Abstract
Clostridium difficile PCR ribotype 018 has emerged in Italy, South Korea, and Japan, causing severe infections and outbreaks. In this study, we sequenced the genome of IT1118, an Italian clinical isolate, to clarify the molecular features contributing to the success of this epidemic type.
GENOME ANNOUNCEMENT
Clostridium difficile is the main causative agent of nosocomial diarrhea. Besides hypervirulent PCR ribotypes (RTs), other epidemic RTs are currently a cause of concern (1, 2). In particular, RT018 has been detected in Italy and, more recently, in South Korea and Japan as a main cause of infections and outbreaks (3–5). RT018 isolates show resistance to several antibiotics and a transmission index 10-fold higher compared to that of RT078 strains (3, 6). Significant risk factors for complicated infections by RT018 are age ≥65 years, pulmonary comorbidity, and use of fluoroquinolones (2). For these reasons, the genome of the Italian strain IT1118, isolated during an outbreak, was analyzed to investigate features that may affect virulence.

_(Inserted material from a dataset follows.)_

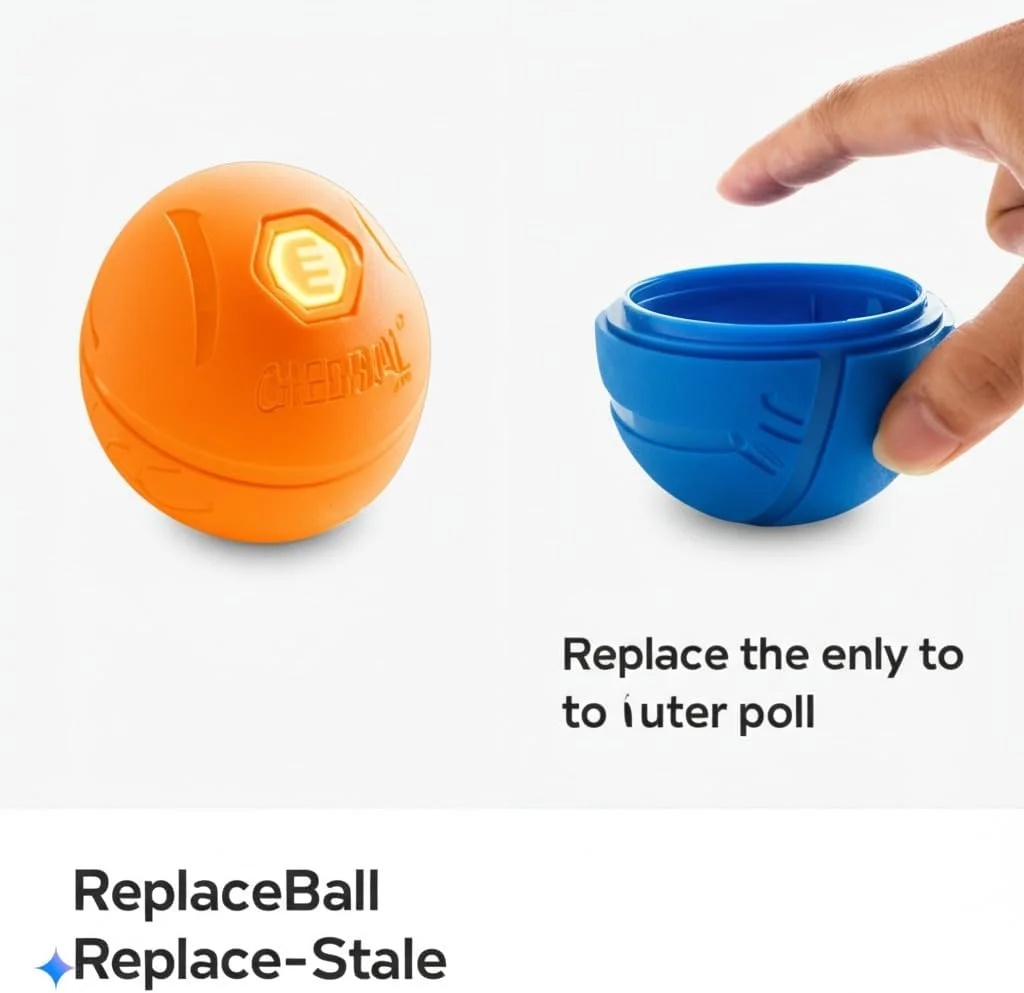 توپ بازی تعاملی هوشمند VIV Wicked Ball AIR، توپ پرشی فعال با حرکت قابل شارژ، توپ های بادوام اتوماتیک سگ برای سرگرمی ضد جویدن، اسباب بازی گربه الکترونیکی خودکار (نارنجی+آبی) (سگ/نارنجی+آبی)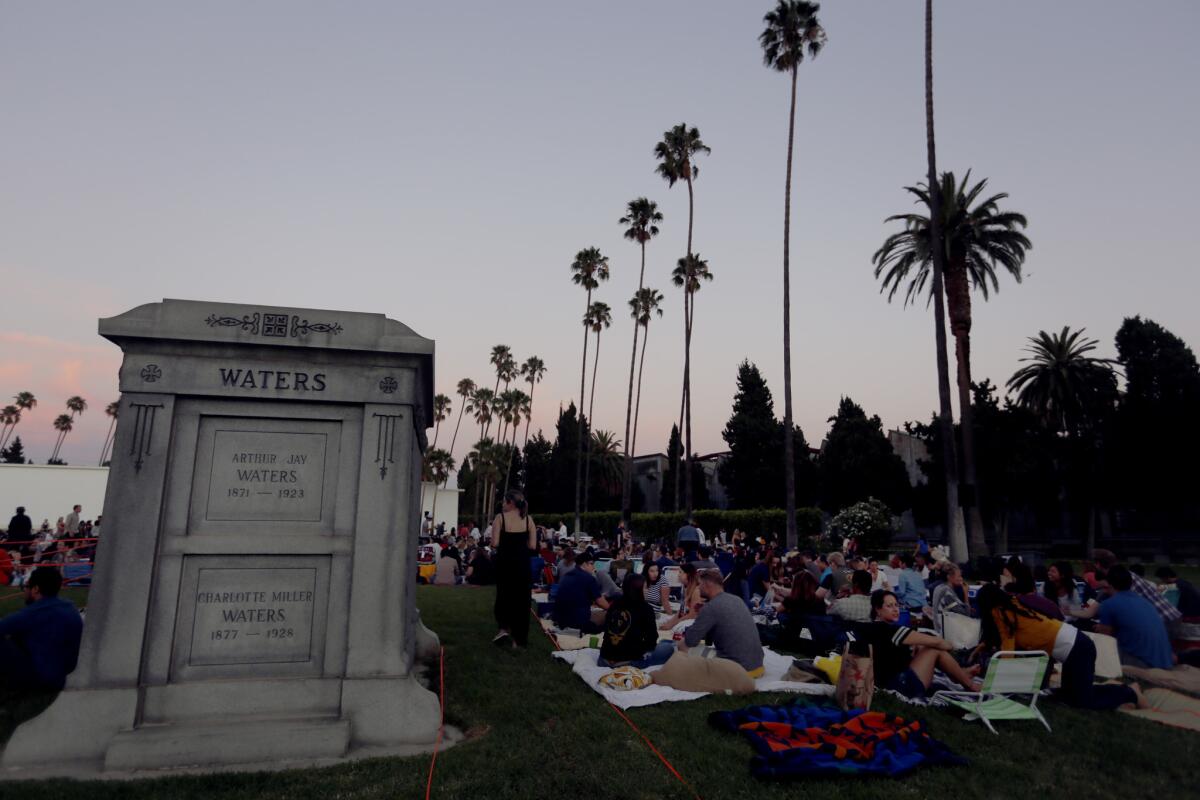 Crowds settle in for a Cinespia event at the Hollywood Forever Cemetery.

Genomic DNA was sequenced using the HiSeq 2000 platform (GATC, Konstanz, Germany) in 50-bp single-read mode. A total of 18,123,358 reads were assembled into 256 contigs (>200 bp) using the Velvet assembler (7), with a total size of 4,238,925 bp and providing 218× coverage. The average contig length was 16,558 bp, with the largest contig being 178,925 bp. Gene prediction was performed using Glimmer version 3 (8), and contigs were mapped against the reference strain C. difficile 630 (RT012) (GenBank no. AM180355) using Geneious (9).
Mutations C245T in gyrA and G1514A in rpoB, found in the majority of European C. difficile isolates resistant to fluoroquinolones and rifampins (10–12), respectively, were detected in IT1118. Although IT1118 showed resistance to both erythromycin and clindamycin, neither resistance determinants nor mutations in the ribosomal proteins genes were observed.
The temporal activation of the sigK gene, involved in C. difficile sporulation, is regulated by the excision of a sigK intervening (skin) element (13). Results for the skin element of IT1118 (57 kb) were very different from those of 630 or M120 (RT078), but it had 99.9% sequence identity to that of strain BI-9 (GenBank no. FN668944), which belongs to the long-term problematic epidemic RT001. Diversity in the skin elements could differently affect strain sporulation and consequent transmissibility, although this hypothesis needs to be confirmed.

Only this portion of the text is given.